I dati provvisori relativi all’indice dei Prezzi al Consumo per le famiglie di operai e impiegati, pubblicati dall’Istat, per il mese di febbraio hanno smentito le aspettative di un rallentamento apprezzabile del tasso di inflazione.
Facendo riferimento all’indice dei “prodotti alimentari e bevande” che guida l’andamento generale della distribuzione grocery, la velocità dei prezzi registrata (ovvero la variazione percentuale mese su mese precedente) è risultata essere dello 0,9%, dando seguito al dato precedente (rivisto) di 1,4% a gennaio.
Pertanto,
se annualizzati, questi due valori corrisponderebbero ad un’inflazione superiore al 12% per l’intero 2023.
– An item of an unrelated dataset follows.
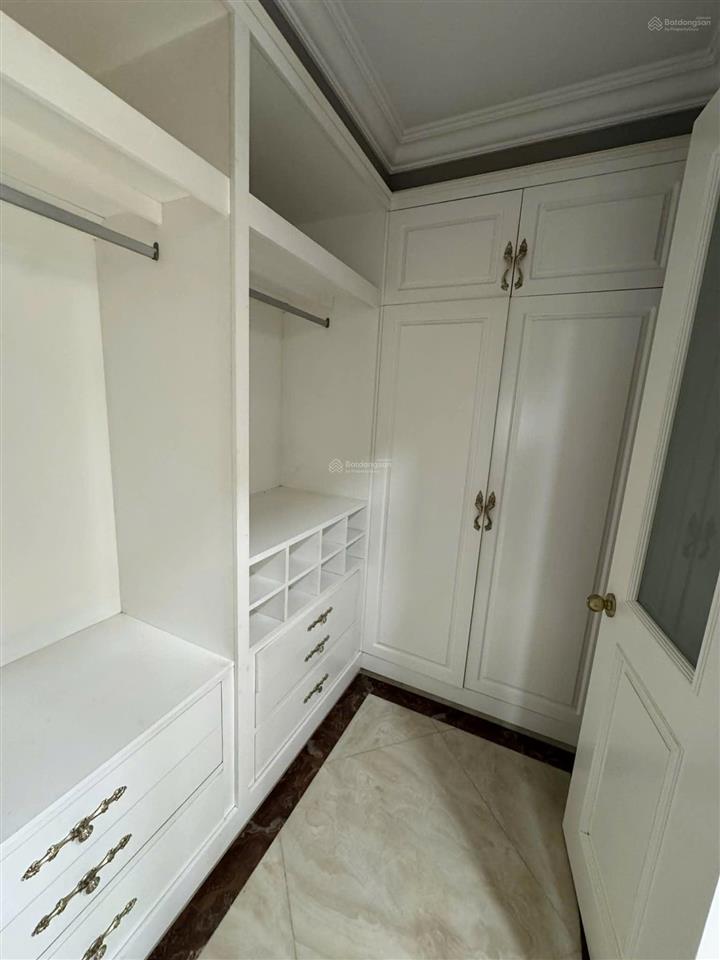Cần cho gấp nhà 2 mặt tiền thang máy 1 trệt 2 lầu 142m2 gồm 4pn, 6wc khu đông thủ thiêm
Si tratta, evidentemente, di una ipotesi molto pessimista, considerando che nel 2022 il comparto della distribuzione moderna ha dovuto fronteggiare aumenti medi del 14%.
Ne discende che, mantenendo la progressione descritta nel grafico a barre che delinea un “atterraggio” su un tasso dello 0,2%
a fine anno, l’inflazione tendenziale (mese su mese corrispondente) risulterebbe del 7,4% a dicembre 2023.
È bene ripetere che, in questo caso, non si tratta di una previsione ma di una semplice ipotesi descrittiva che può essere corretta verso l’alto o verso il basso a seconda dei giudizi soggettivi di ciascun operatore. Potremmo aggiungere che, a fronte delle pessime performance di esperti, guru, econometrici, non esiste un modello che possa prevedere l’andamento dei prezzi (tranne quando sono quasi statici!).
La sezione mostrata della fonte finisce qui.